An Ode to Spooky Bike Rides: Ghost Flats

starsntreesAs the nights grow longer here in Seattle riding in the dark is something you have to get used to. Lights and reflective accessories aside, I like the dark. I love pedaling near Lake Washington and seeing this vast dark space of the water and the glittering bridges that cross it. I like taking the dark roads, the ones with few street lights and good chances for owl encounters.

That being said there are those spooky moments, when you hear a startling sound. The tell-tale rumblings of an impending flat tire on a dark moonless night. Here is my ode to those moment from Pedal, Stretch, Breathe. Happy Halloween!

The other day I was biking home and decided, like I most often do, that I would prefer the slightly longer, windy road that leads up the backside of the hill. I am drawn to the winding curves of the switchback road instead of a beeline straight up. It is also home to one of my favorite spots in Seattle proper, the Louisa Boren Denny memorial stone on Interlaken Blvd.

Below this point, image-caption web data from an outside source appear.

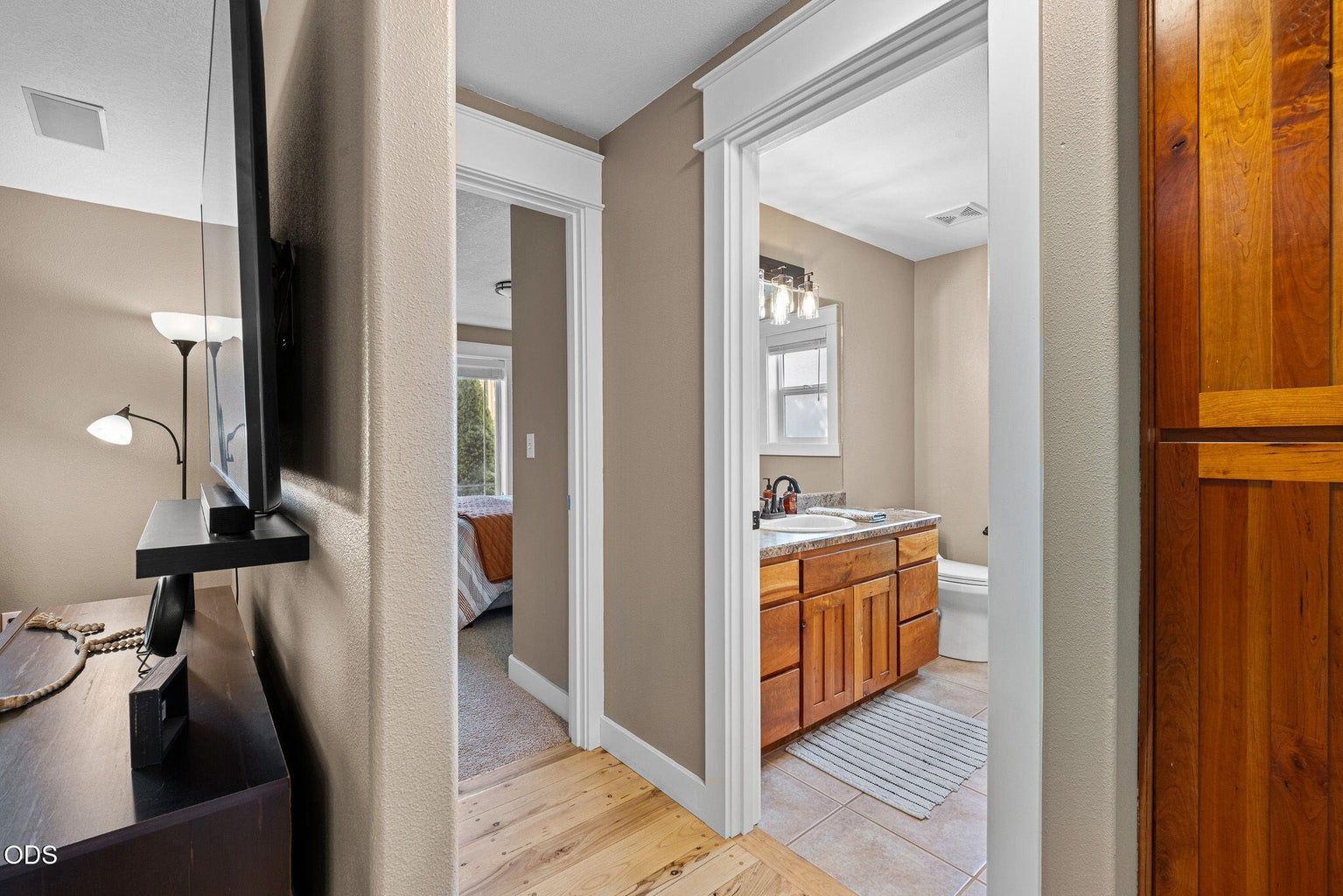 Photo of 752 NE Blackbear Street 22 of 37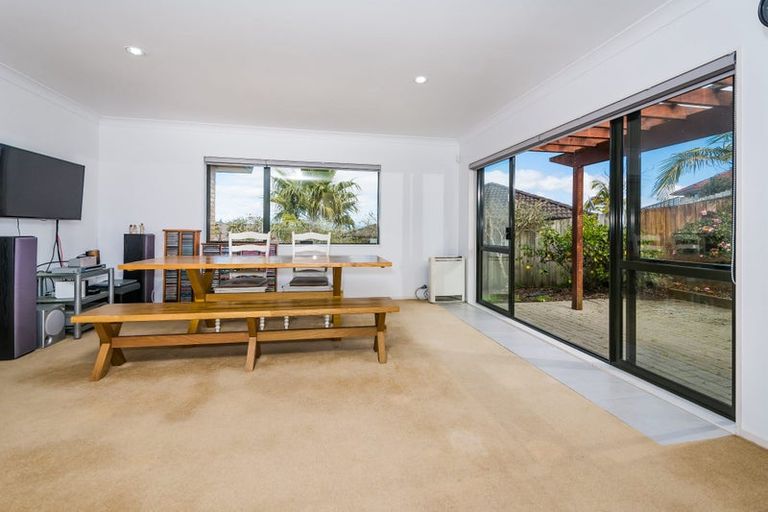 Photo of property in 26 Rising Parade, Fairview Heights, Auckland, 0632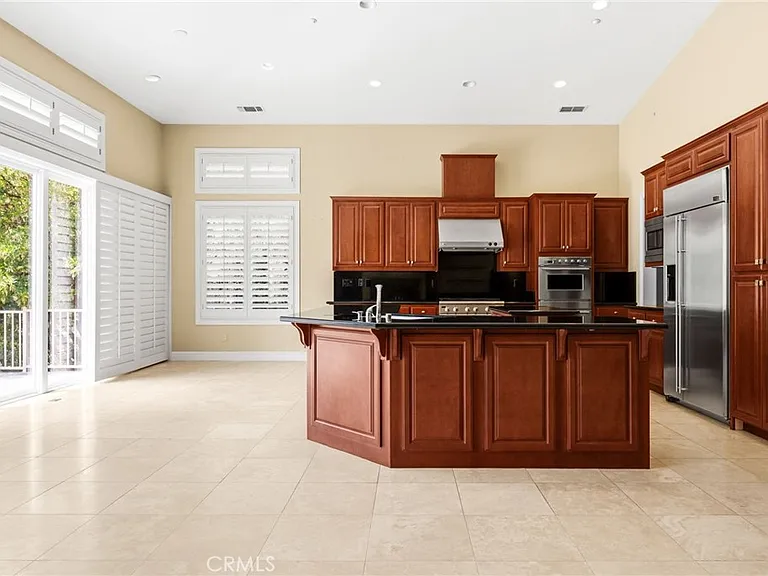 309 Whitcliff Ct — Photo 15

In the 1890’s City Engineer George F. Cotterill was scouting out good routes for bikes and buggies. Interlaken was established as the primary route between Capitol Hill and Lake Washington. This road was specifically designed with cycling in mind, as well as to capture splendid views. It was these bike routes that laid the foundation for the city’s Boulevards. In 1913 the adjacent park was named after Louisa Boren Denny, the last remaining pioneer from the Denny Party, the white folks who “founded” Seattle.

About midway up the hill there is a memorial stone placed to honor Louisa by the Washington Women’s Pioneering Organization. I’ve always been drawn to the that stone and not only because it is a great place to stop for a water break. This admirable pioneer woman was interested in a variety of subjects including philosophy, chemistry and botany.
Legend has it that she brought her beloved sweetbriar rose bush all the way from Illinois to Seattle. The lovely and aromatic rose can be found growing along the shores of the Puget Sound today.

Riding a bicycle on these historic routes connects to me to the history of this place and the Pacific Northwest plants surrounded the streets. And in summer I love to nibble on the blackberries fighting to claim road space. They are not the native variety, but I guess me, Louisa and the Blackberry and all have that in common. Part of what makes riding a bike so wonderful is I can take the most beautiful routes around town. Instead of fighting through the traffic downtown and taking the (albeit very nice) buffered bike line across the bridge to run errands, I can cut through the park and take the bike path.

In the dark moonless nights riding on the crumbling road stirs sound of an impending flat tire. You stop to check, but alas your wheels are fully inflated. So you ride on, but the sound of ghost flats will haunt you until you reach the top of the hill. It is like riding in the tracks of all the people who have biked here before you.